Both convalescent sera and sera from individuals who received the Sinopharm/BBIBP‐CorV vaccine had reduced neutralizing capacity of delta variant and to a greater extent to beta [27]. The vaccinees had a significant reduction of RBD binding antibodies the WT and the alpha variant compared to naturally infected, but not for delta variant and beta variant. This suggests that the vaccinees had a similar level of protection against infection with delta and beta, as those who were naturally infected. The vaccinees only had a 1.38‐fold reduction in the RBD binding antibodies to delta variant compared to the WT, whereas a 10‐fold reduction was seen against beta variant, suggesting that the Sinopharm/BBIBP‐CorV is likely to have higher efficacy to delta variant than for beta variant. Since the reduction in the geometric means of the RBD antibodies to delta was only 1.38 fold less than for the WT, the reduction in vaccine efficacy is likely to be less in countries where delta is the predominant variant. Therefore, it is important to assess the vaccine efficacy against delta by carefully conducted post‐vaccine surveillance studies.

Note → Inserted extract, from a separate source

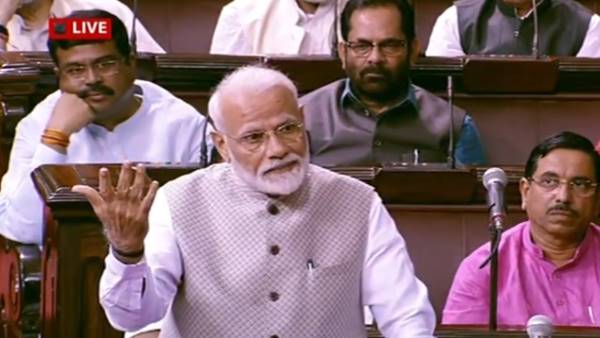 ईवीएम के मुद्दे पर पीएम ने विपक्ष को घेरा ईवीएम के मुद्दे पर पीएम ने विपक्ष को घेरा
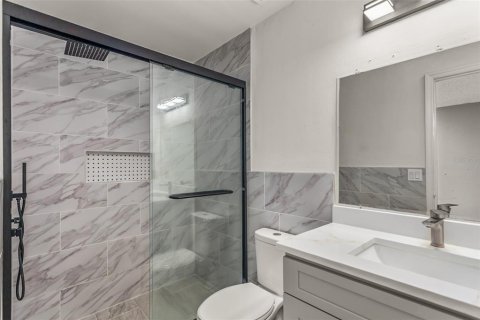 Casa en venta en Kissimmee, Florida, 3 dormitorios, 99.41 m2 № 2314200 - foto 14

We investigated the T cell and B cell responses to the Sinopharm/BBIBP‐CorV vaccinated individuals in this study. We found that 27.7% of individuals had ex vivo IFNγ ELISpot responses in high frequency to the spike protein overlapping peptides. However, the magnitude of responses and the number of individuals who had responses were less than for a single dose of the AZD1222 vaccine [17], which shown to induce high frequency and magnitude of polyfunctional T cell responses even after a single dose [3, 28]. Sinopharm/BBIBP‐CorV was show to induced potent IFNγ responses as detected by ICS from CD8⁺ T cells, 2 weeks following the second dose, although degranulation (membrane expression of CD107a) responses predominantly seen from the CD4⁺ T cell subset. The CD107a expression by CD8⁺ T cells after the second dose of Sinopharm/BBIBP‐CorV were similar to those observed after a single dose of the AZD1222 [3]. As Sinopharm/BB1B‐CorV is a whole cell inactivated vaccine, individuals are also likely to develop T cell responses to other proteins such as the nucleocapsid protein of the virus, which we did no assess in this study. While some studies have shown that a high magnitude of T cell responses to spike, nucleocapsid and membrane proteins in patients with acute COVID‐19 was not associated with recovery [29], T cell responses against certain epitopes of the N protein is shown to result in less severe disease [30]. As we only studies T cell responses specific for the spike protein, it is likely that we did not capture the breadth of the T cell responses in those who received this vaccine.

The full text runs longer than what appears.